The French creoles of the Caribbean and the Americas are exclusively possessor-final, following the lexifier French, although there must have been possessor-initial substratal input.

The Dutch-lexified languages Afrikaans and Negerhollands show both orders, but Berbice Dutch is an exclusive possessor-initial language, which may be due to the strong substratal influence of Ijo, a southern Nigerian possessor-initial language (see Smith 1999: 254ff).

In all the African- and Arabic-lexified contact varieties in central and southern Africa the possessor can only follow the possessum, maybe because this is the dominant order in the main lexifiers and African substrates. On the other hand, Afrikaans allows both orders, just like its lexifier Dutch.

The picture is different when we turn to the Indian Ocean and South Asia: except for Reunion Creole, all French and Portuguese creoles allow the possessor-initial order to varying degrees. In the South Asian varieties Diu Indo-Portuguese, Korlai and Sri Lanka Portuguese, the possessor-initial order can be explained by the fact that Indian languages overwhelmingly prefer this order. This may also be the reason why Sri Lankan Malay does not follow Standard Malay’s possessor-final order (Prentice 1990: 928). The island creoles of Mauritius, Reunion and the Seychelles received an early and strong substratal possessor-final input through slaves from Madagascar and later from the Kenya region. This agreed with the lexifier order and seems to have been the reason why there is a strong preference in these varieties for possessor-final, even though the other order was also imported to Mauritius and Reunion, from West Africa (Mandinka) and India. Where possessor-initial also occurs (Mauritian Creole, Seychelles Creole) it is in the minority and a more recent development, cf. Mauritian Creole, where it “is not attested until about 1880” (Baker & Kriegel 2013a).

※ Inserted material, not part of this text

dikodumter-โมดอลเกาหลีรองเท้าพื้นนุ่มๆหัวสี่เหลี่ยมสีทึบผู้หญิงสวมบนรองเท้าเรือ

In the Pacific, Tok Pisin and the closely related Bislama are strictly possessor-final. For Tok Pisin this could be seen as surprising, since mainland New Guinea is predominantly possessor-initial (Dryer 2011; and Yimas-Arafundi Pidgin also has this order) and Tok Pisin’s lexifier English has both orders. As with Features 1 “Order of subject, object, and verb” and 3 “Order of adjective and noun”, the answer is probably found in Tok Pisin’s strong substratal input from the Bismarck Archipelago, where the majority of languages, including the important substrate Tolai, have a dominant possessor-final order (Dryer 2011). The languages of Vanuatu are also overwhelmingly possessor-final and Bislama unsurprisingly follows this. Note also that Tok Pisin’s and Bislama’s possessive constructions of the house belong father type may have been consolidated by the phrasal correspondence in English (the house belongs to father or the house that belongs to father). The possessor-initial order of Chinese Pidgin English is easier to explain, Cantonese preferring that order. Kriol and Gurindji Kriol in Australia allow both orders, maybe because the Aboriginal languages in the Northern Territories are also rather heterogeneous in this respect. In Hawai‘i Creole, there is a strong preference for possessor-initial, in spite of the fact that the substrates provided a mix of orders: Chinese and Japanese = possessor-initial, Hawaiian and Portuguese = possessor-final. The possessor can both precede and follow the possessum in Norf’k, probably because both English and the contributing language Tahitian (cf. Mühlhäusler 2013a) allow both orders.